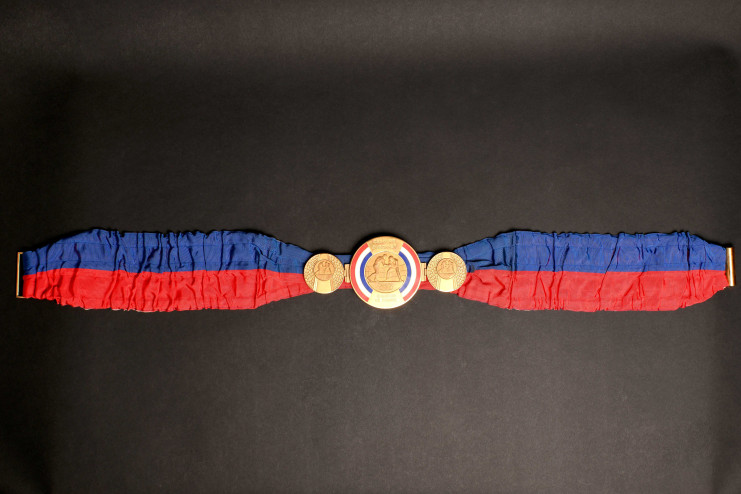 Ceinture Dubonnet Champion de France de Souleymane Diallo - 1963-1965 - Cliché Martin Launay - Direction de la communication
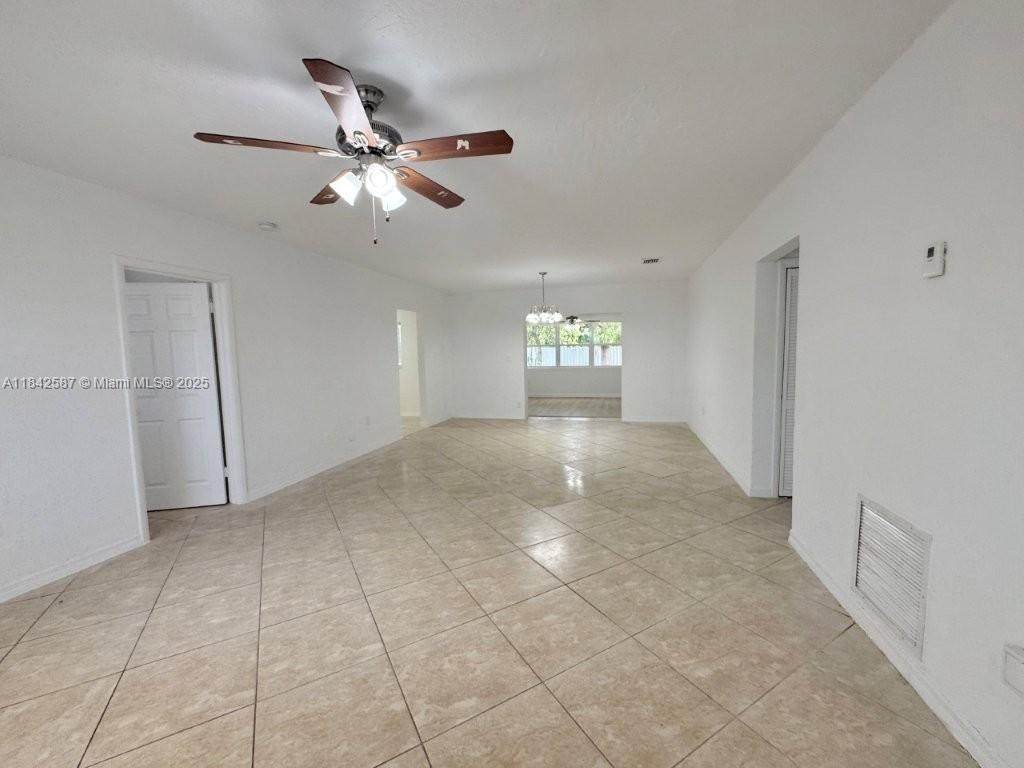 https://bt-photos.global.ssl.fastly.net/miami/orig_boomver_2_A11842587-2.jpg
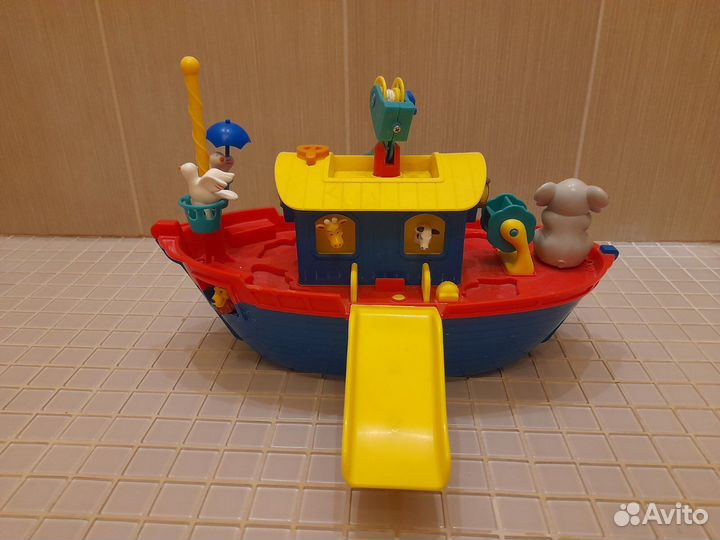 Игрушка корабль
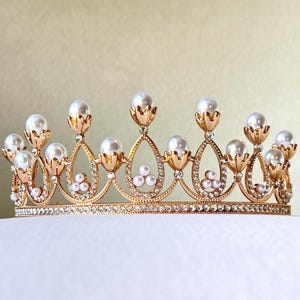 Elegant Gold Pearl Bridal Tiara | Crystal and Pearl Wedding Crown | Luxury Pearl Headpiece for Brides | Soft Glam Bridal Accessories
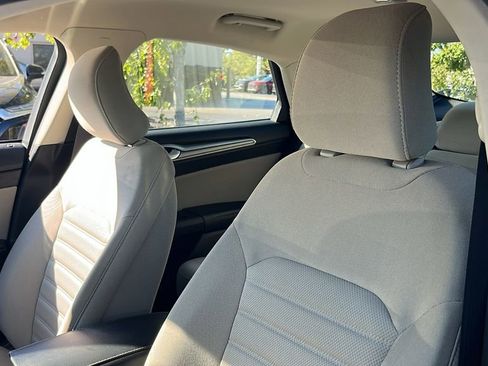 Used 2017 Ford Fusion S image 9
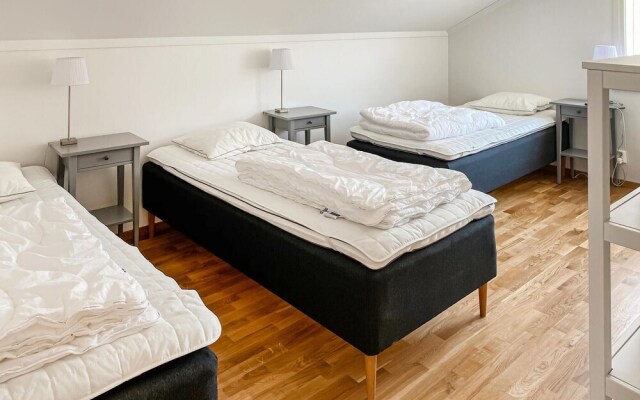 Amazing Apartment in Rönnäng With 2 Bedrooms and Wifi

____

[INSTRUCTIONS FOR THE TASK]
Please repeat every record above exactly, but leave out the pictures.

[FINISHED TASK]
 Ceinture Dubonnet Champion de France de Souleymane Diallo - 1963-1965 - Cliché Martin Launay - Direction de la communication
 https://bt-photos.global.ssl.fastly.net/miami/orig_boomver_2_A11842587-2.jpg
 Игрушка корабль
 Elegant Gold Pearl Bridal Tiara | Crystal and Pearl Wedding Crown | Luxury Pearl Headpiece for Brides | Soft Glam Bridal Accessories
 Used 2017 Ford Fusion S image 9
 Amazing Apartment in Rönnäng With 2 Bedrooms and Wifi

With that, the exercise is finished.